Gene and Cell Therapy Unit, Genomic Medicine Department, Pfizer-University of Granada-Junta de Andalucía Centre for Genomics and Oncological Research (GENYO), Granada, Spain.
LentiStem Biotech, Pfizer-University of Granada-Junta de Andalucía Centre for Genomics and Oncological Research (GENYO), Granada, Spain.
Front Immunol. 2020 Sep 4;11:2044. doi: 10.3389/fimmu.2020.02044. eCollection 2020.
Immunotherapy is a very promising therapeutic approach against cancer that is particularly effective when combined with gene therapy. Immuno-gene therapy approaches have led to the approval of four advanced therapy medicinal products (ATMPs) for the treatment of p53-deficient tumors (Gendicine and Imlygic), refractory acute lymphoblastic leukemia (Kymriah) and large B-cell lymphomas (Yescarta). In spite of these remarkable successes, immunotherapy is still associated with severe side effects for CD19+ malignancies and is inefficient for solid tumors. Controlling transgene expression through an externally administered inductor is envisioned as a potent strategy to improve safety and efficacy of immunotherapy. The aim is to develop smart immunogene therapy-based-ATMPs, which can be controlled by the addition of innocuous drugs or agents, allowing the clinicians to manage the intensity and durability of the therapy. In the present manuscript, we will review the different inducible, versatile and externally controlled gene delivery systems that have been developed and their applications to the field of immunotherapy. We will highlight the advantages and disadvantages of each system and their potential applications in clinics.

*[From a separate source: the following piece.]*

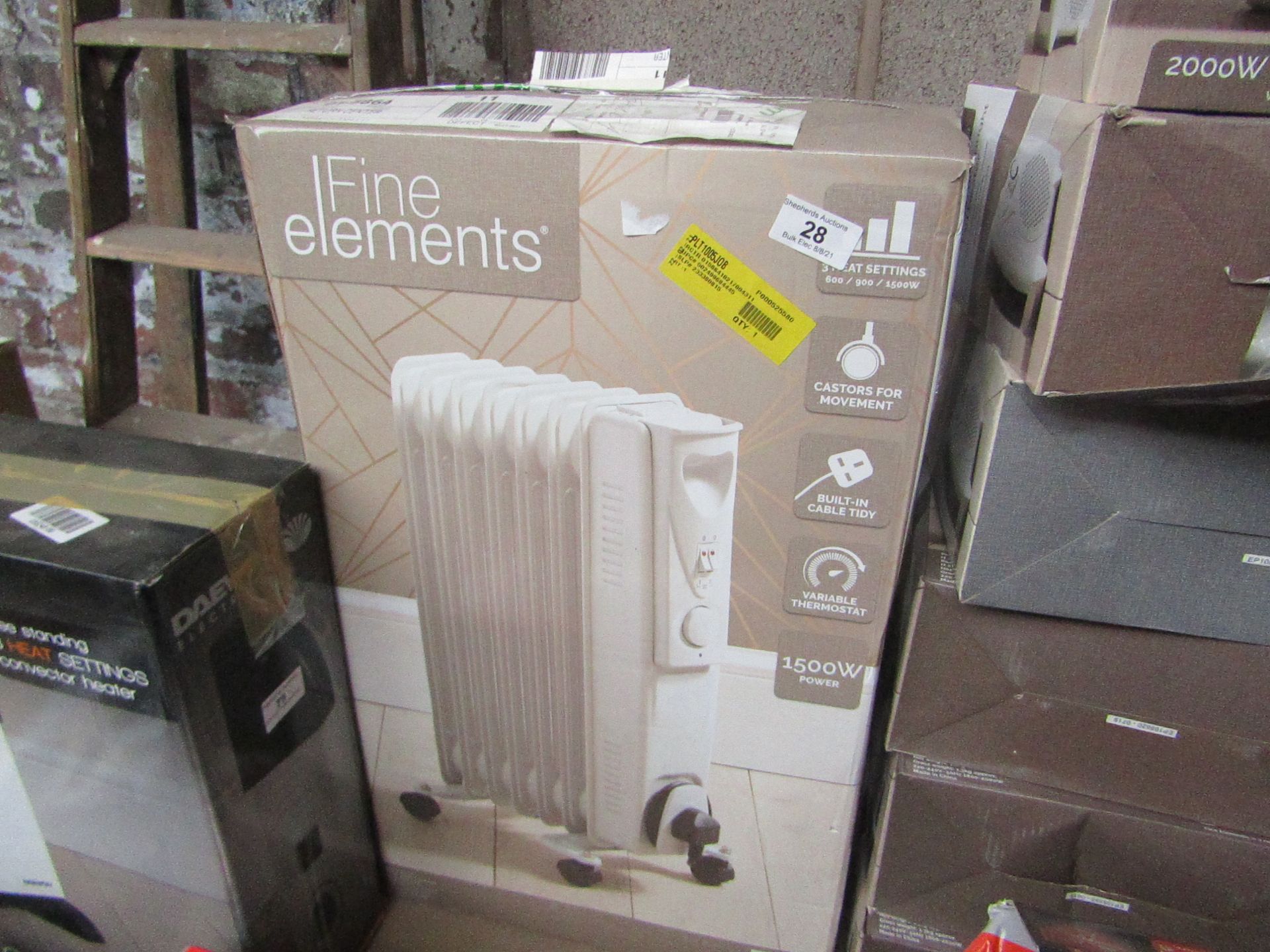 | 2X | FINE ELEMENTS 650W 5 FIN OIL FILLED RADIATOR | UNCHECKED & BOXED | NO ONLINE RESALE | SKU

免疫疗法是一种非常有前途的癌症治疗方法,当与基因疗法结合使用时尤其有效。免疫基因治疗方法已经导致了四种先进治疗药物产品(ATMPs)的批准,用于治疗 p53 缺陷型肿瘤(Gendicine 和 Imlygic)、难治性急性淋巴细胞白血病(Kymriah)和大 B 细胞淋巴瘤(Yescarta)。尽管取得了这些显著的成功,但免疫疗法仍然与 CD19+恶性肿瘤的严重副作用有关,并且对实体瘤效率低下。通过外部给予诱导剂来控制转基因表达被认为是提高免疫疗法安全性和疗效的一种有效策略。目的是开发基于智能免疫基因治疗的 ATMPs,可以通过添加无害的药物或试剂来控制,使临床医生能够控制治疗的强度和持久性。在本文中,我们将回顾已经开发的不同的诱导型、多功能和外部控制的基因传递系统及其在免疫治疗领域的应用。我们将强调每个系统的优缺点及其在临床上的潜在应用。